[Caption-style text data]
========================================================================
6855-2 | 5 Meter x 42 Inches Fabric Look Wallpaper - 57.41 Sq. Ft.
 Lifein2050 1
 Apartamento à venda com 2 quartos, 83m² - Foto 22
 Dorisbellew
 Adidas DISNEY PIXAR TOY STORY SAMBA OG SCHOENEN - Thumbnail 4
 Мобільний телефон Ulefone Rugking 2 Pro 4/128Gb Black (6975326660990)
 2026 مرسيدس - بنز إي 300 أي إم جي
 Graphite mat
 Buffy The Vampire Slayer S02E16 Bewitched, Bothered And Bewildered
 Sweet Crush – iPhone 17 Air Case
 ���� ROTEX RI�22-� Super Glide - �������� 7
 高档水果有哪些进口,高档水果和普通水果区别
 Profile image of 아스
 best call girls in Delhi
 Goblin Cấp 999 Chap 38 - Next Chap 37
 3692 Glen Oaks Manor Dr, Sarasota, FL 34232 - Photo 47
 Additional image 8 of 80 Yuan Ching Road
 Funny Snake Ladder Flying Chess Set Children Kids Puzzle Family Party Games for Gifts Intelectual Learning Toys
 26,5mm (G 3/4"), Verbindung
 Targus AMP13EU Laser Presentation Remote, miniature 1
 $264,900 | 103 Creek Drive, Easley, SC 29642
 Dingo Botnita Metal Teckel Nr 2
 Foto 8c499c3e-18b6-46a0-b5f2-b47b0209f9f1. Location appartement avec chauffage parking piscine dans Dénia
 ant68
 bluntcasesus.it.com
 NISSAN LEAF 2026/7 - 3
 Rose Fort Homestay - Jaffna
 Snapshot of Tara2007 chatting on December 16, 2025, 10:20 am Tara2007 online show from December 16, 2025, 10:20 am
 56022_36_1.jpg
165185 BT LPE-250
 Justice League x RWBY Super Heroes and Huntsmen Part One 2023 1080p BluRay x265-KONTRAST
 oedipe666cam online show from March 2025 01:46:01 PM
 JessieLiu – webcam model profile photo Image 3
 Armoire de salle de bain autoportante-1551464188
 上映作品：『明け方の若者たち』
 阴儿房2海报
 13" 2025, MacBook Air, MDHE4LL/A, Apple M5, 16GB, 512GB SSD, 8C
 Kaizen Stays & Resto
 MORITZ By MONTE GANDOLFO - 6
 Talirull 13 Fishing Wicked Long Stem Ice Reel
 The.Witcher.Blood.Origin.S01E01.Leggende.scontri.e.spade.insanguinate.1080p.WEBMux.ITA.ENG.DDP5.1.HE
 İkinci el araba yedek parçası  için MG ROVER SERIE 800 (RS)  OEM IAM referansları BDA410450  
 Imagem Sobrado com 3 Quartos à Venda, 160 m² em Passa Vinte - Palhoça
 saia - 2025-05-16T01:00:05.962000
========================================================================
Your goal → In the data above, find the line with "Sweet Crush – iPhone 17 Air Case" and the line with "3692 Glen Oaks". Retype both, plus every line between them, exactly.

Exercise result →
 Sweet Crush – iPhone 17 Air Case
 ���� ROTEX RI�22-� Super Glide - �������� 7
 高档水果有哪些进口,高档水果和普通水果区别
 Profile image of 아스
 best call girls in Delhi
 Goblin Cấp 999 Chap 38 - Next Chap 37
 3692 Glen Oaks Manor Dr, Sarasota, FL 34232 - Photo 47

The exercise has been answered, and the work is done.